先日、生徒さんからお稽古日前日にメールが届きました。

帯がはずれて楽器がばらばらになってしまい、しかも乙のリードが見当たりません、とのこと。

幸いなことに楽器はなんとか組み直したけれどもリードがない???

消えるはずはないので、、、とお伝えしましたら、袋のなかから、出てきたようです

翌日、調律の道具を持っていって、リードを拝見しましたら。。。

あら、錘(しず、ともいいます)がへたっている。。。

温め過ぎたことがあるのでしょう、じわっとにじむように錘が溶けかけていました。

ただ、重症ではなく(錘が溶けて流れていたり、などのことはなく)、そのまま管に取り付けて鳴らしてみました。

ところが、吹いて、吸ってみたところ。錘がとれて、わたしの口の中に!!!

幸い、舌に残ったので飲み込みませんでしたが、、、

実は鉛の粉を混ぜてあるので、錘は結構、毒性があるらしいのです。。。

一瞬、慌てました!!!

(このあたり、金属の毒性について専門家に伺いたい、と思いながらもう何年も経ってしまっています。。。)

さて、こういったことは(リードがはずれる、錘が落ちる)、下記のような状態で起こります。
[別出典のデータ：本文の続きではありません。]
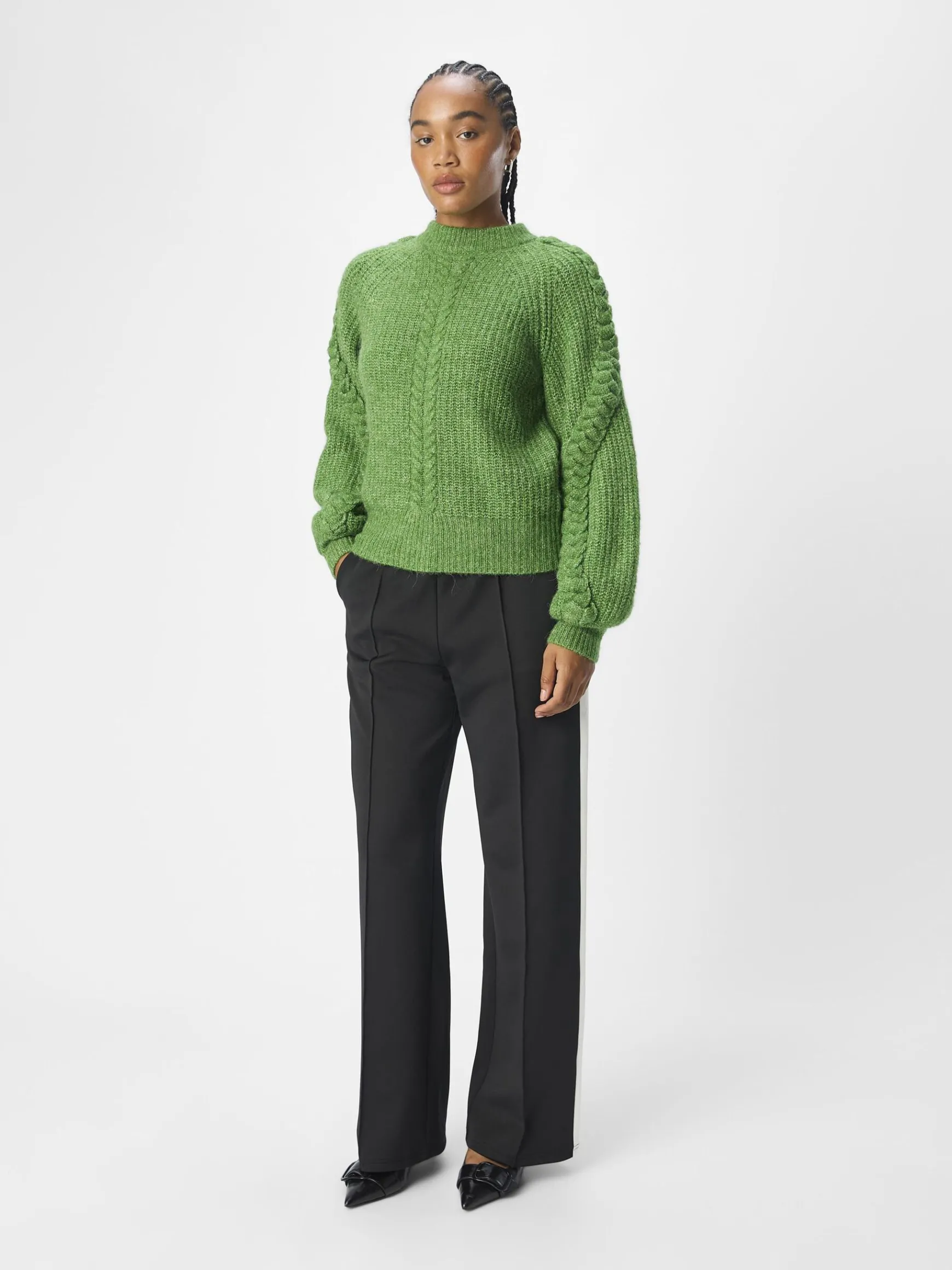 Dame OBJECT KABELSTRIK STRIKTRØJE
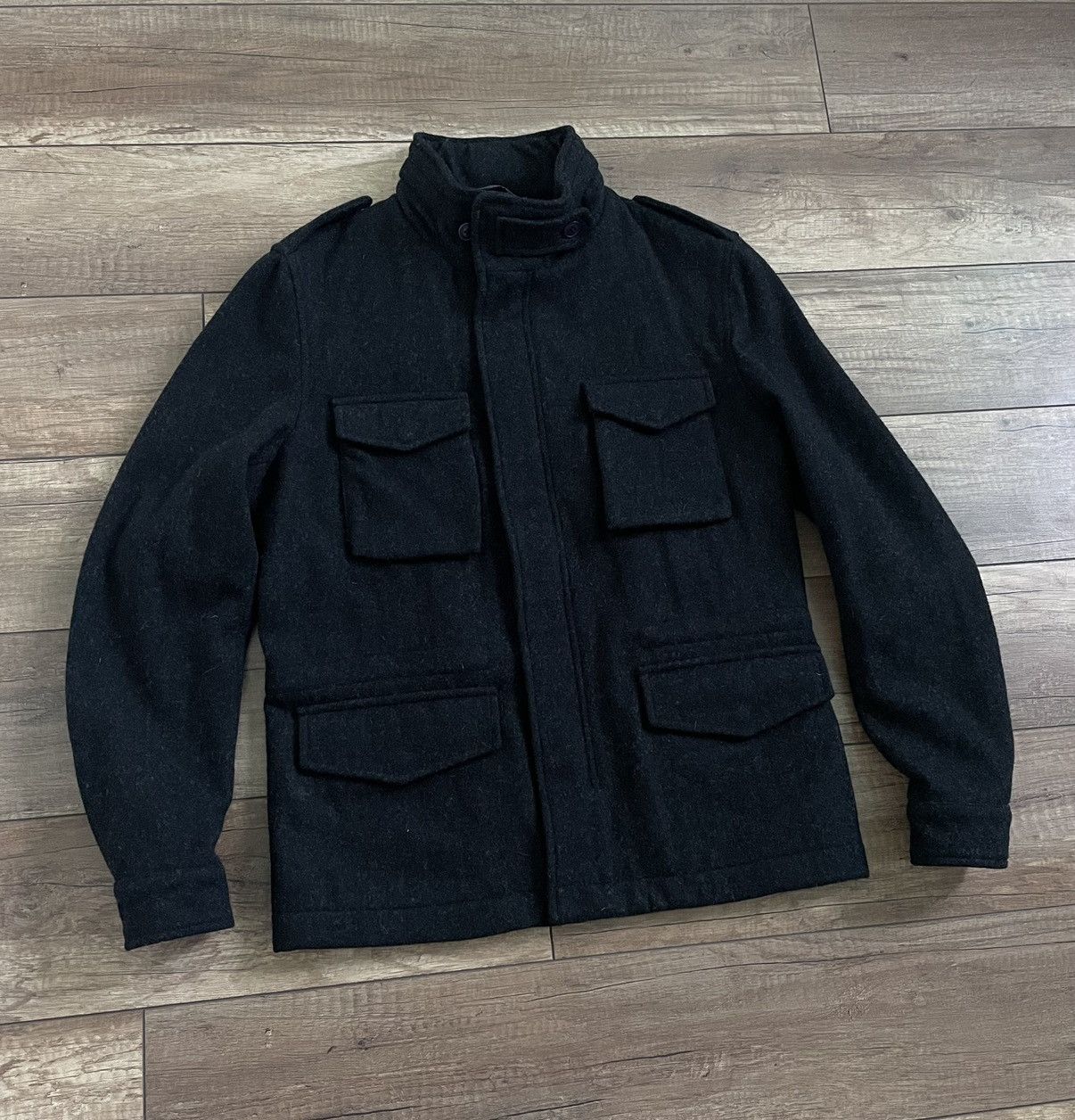 Woolrich Woolen Mills Woolrich Multipocket Cargo Wool Military M65 Jacket Coat Size US S / EU 44-46 / 1 - 2 Thumbnail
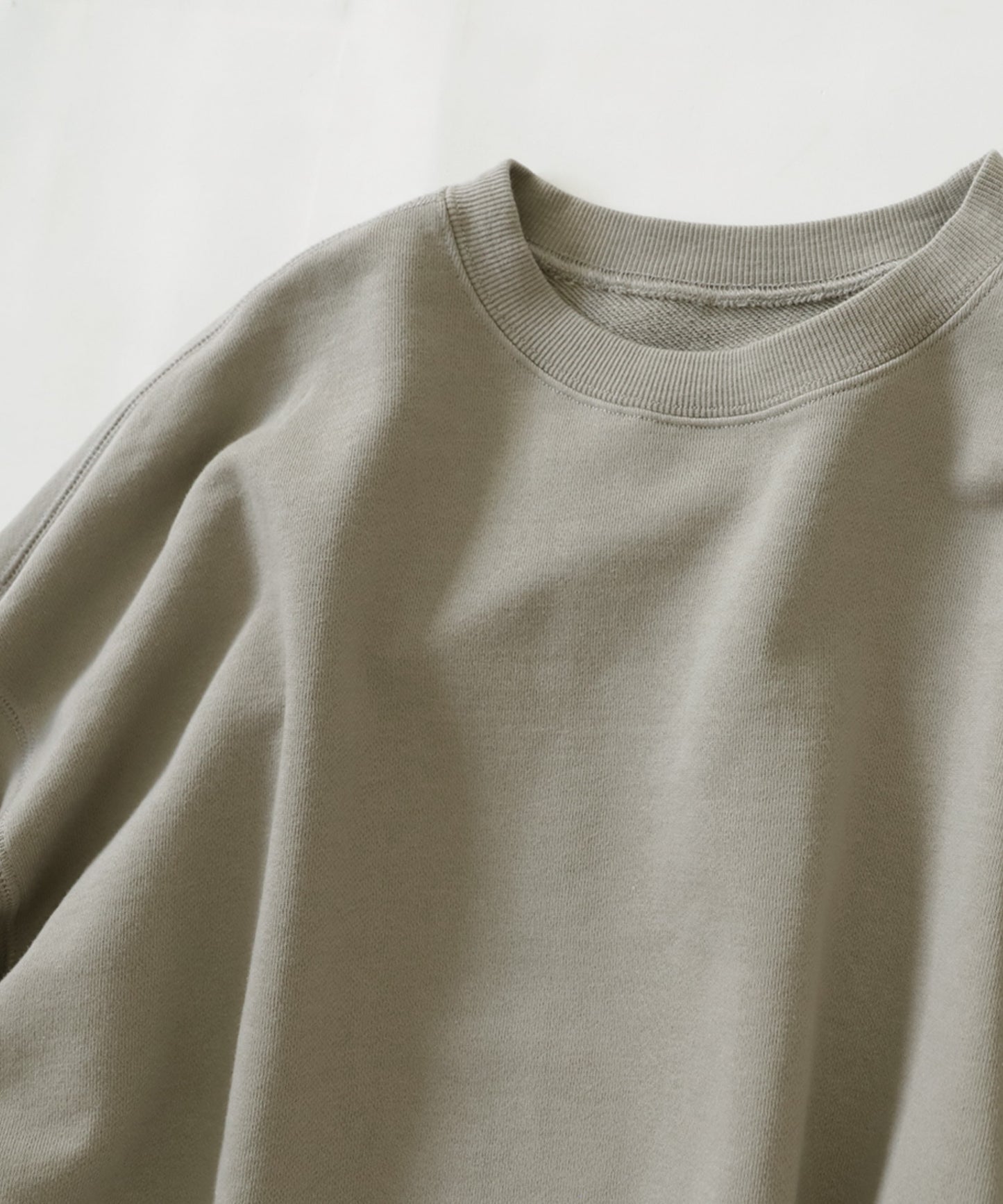 Short length Plullover Ladies sweatshirt pile fabric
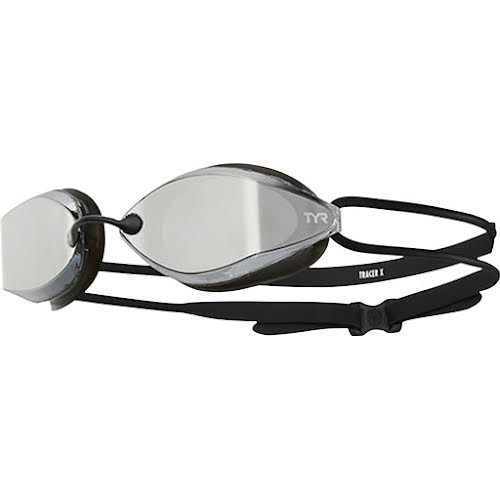 TYR Tracer X Racing Mirrored Goggle - One Size Black Frame/Clear Gasket (open box)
1、楽器を温めすぎると蜜蠟が溶けたり、ゆるんだりする。
錘が溶けて流れると、リードの振動部分が塞がり、鳴らなくなる。
そこまでいかなくても、もちろんピッチは狂ってくるでしょう。

2、さらに温めすぎると、リードをとめてある蜜蠟もとけて、リードが流れてしまう。

3、逆に比較的固めの(粘性が低い)蜜蠟でリードを止めていて、冬場の非常に温度が低い状態で楽器を温めていないと、何かの拍子で「ぱりっ」とリードがはがれおちてしまうことがある。

あるいは何年も調律をしていないと蜜蠟がぱさぱさになり、やはりちょっとした衝撃だけで、ぱりっと落ちることがある。

4、また、温め過ぎもよくないけれど、温めたものの、それが十分でないと、青石が湿気を吐き出しきれず、リードに残ったままになる。
そうなるとピッチが狂ってきたり、一時的に鳴らなくなる。
また青石の下端の部分から変色してくる。
リードの軽い腐食のような状態。
こうなってくるとピッチのほうは相当狂ってきます。またもう温めても元に戻りませんので、いわゆる「洗いがえ調律」を行なわないと、リードはきれいになりません。

*ここでいう「蜜蠟」とは、純粋な蜜蠟でなく、松脂とミツバチの蜜蠟を笙の調律のために何十時間もたいたものをいいます。

とにかく、「これでもか」というくらいに温度管理に関して、生徒さんたちに細かくお願いしているのは、上記のようなことを防ぐためです。

口を酸っぱくしていいますが、「お姫様のような楽器」ですから、「ご機嫌をとるのが大変」なのです

どうか大切に大切に、扱ってあげてくださいね。

お稽古のほうは、その場で錘を作って、無事にできました。

青石は辛うじてこすれていませんでしたので。。。

お姫様の「ご機嫌」は、なんとか直りました(笑)。